--- RECORDS FOR THIS TASK ---
BEGIN

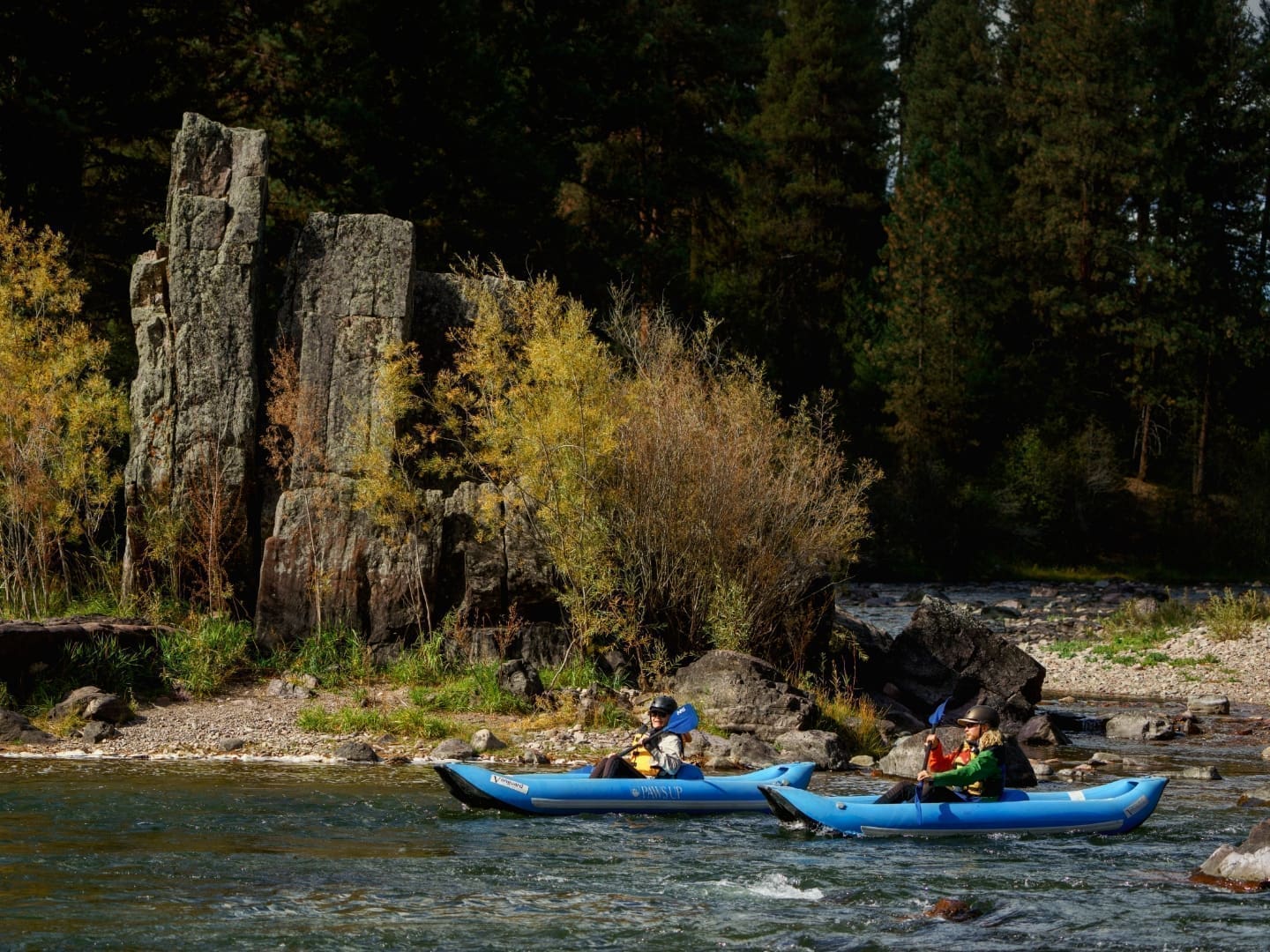 Two kayaks floating through a mountain river
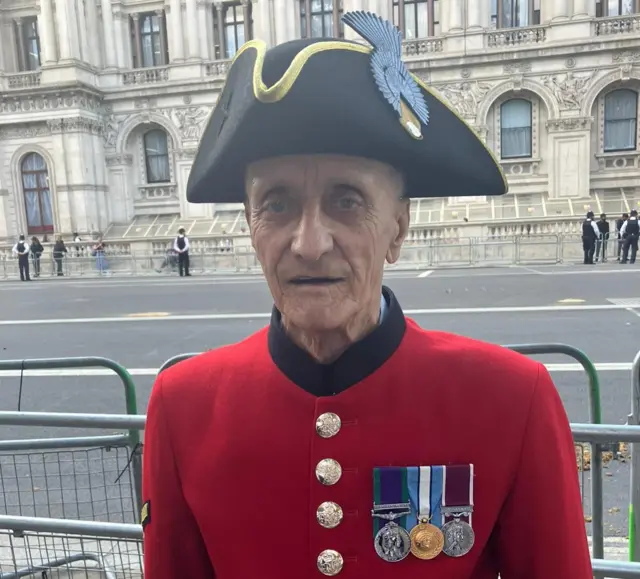 Chelsea pensioner Jack, in red unifirm wearing three medals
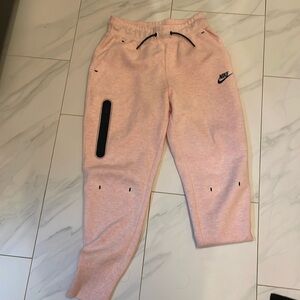 New- never worn. Nike sized Medium track pants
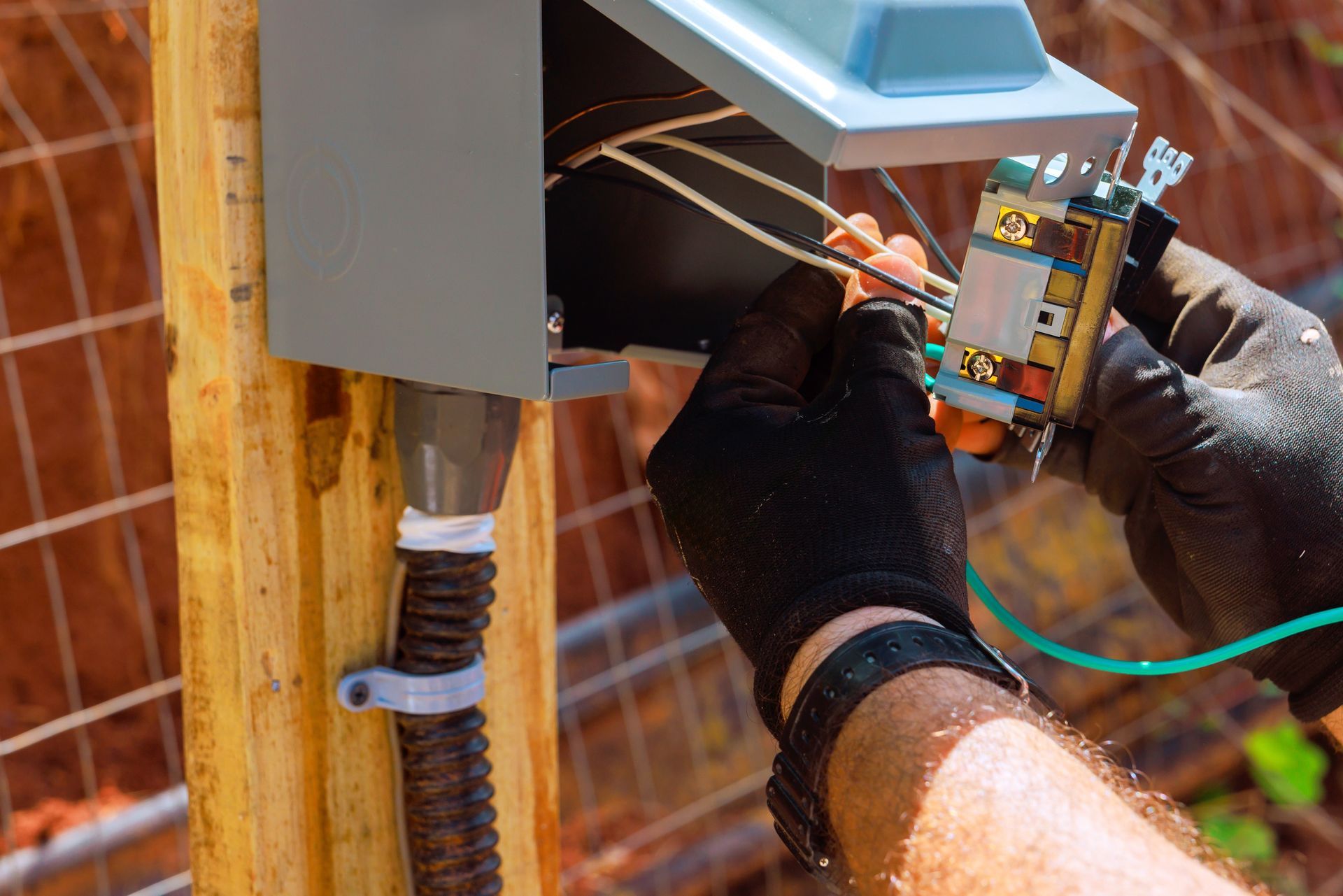 Person in black gloves wiring an electrical outlet in a gray box, attached to a wooden post outside.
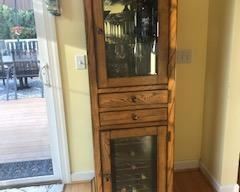 Wine cabinet with built in refrigerator.  Keeps 6 bottles cold and stores 12 additional bottles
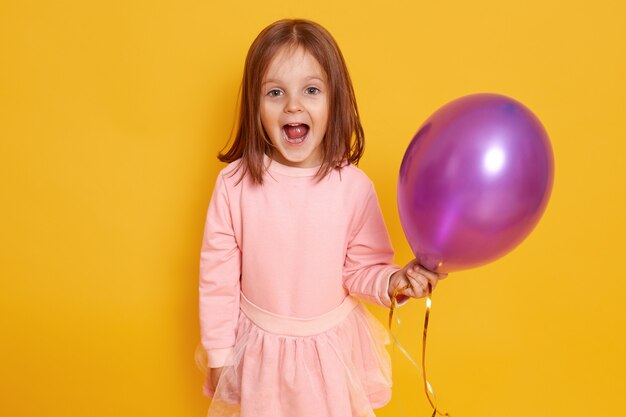 Porträt des überraschten kleinen Mädchens mit dunklem glattem Haar, das über gelben Studio schönen Kleidern steht und lila Ballon in den Händen hält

END

--- WHAT IS NEEDED ---
Every entry above needs to be copied exactly, apart from its pictures.

--- EXPECTED ANSWER ---
 Two kayaks floating through a mountain river
 Chelsea pensioner Jack, in red unifirm wearing three medals
 New- never worn. Nike sized Medium track pants
 Person in black gloves wiring an electrical outlet in a gray box, attached to a wooden post outside.
 Wine cabinet with built in refrigerator.  Keeps 6 bottles cold and stores 12 additional bottles
 Porträt des überraschten kleinen Mädchens mit dunklem glattem Haar, das über gelben Studio schönen Kleidern steht und lila Ballon in den Händen hält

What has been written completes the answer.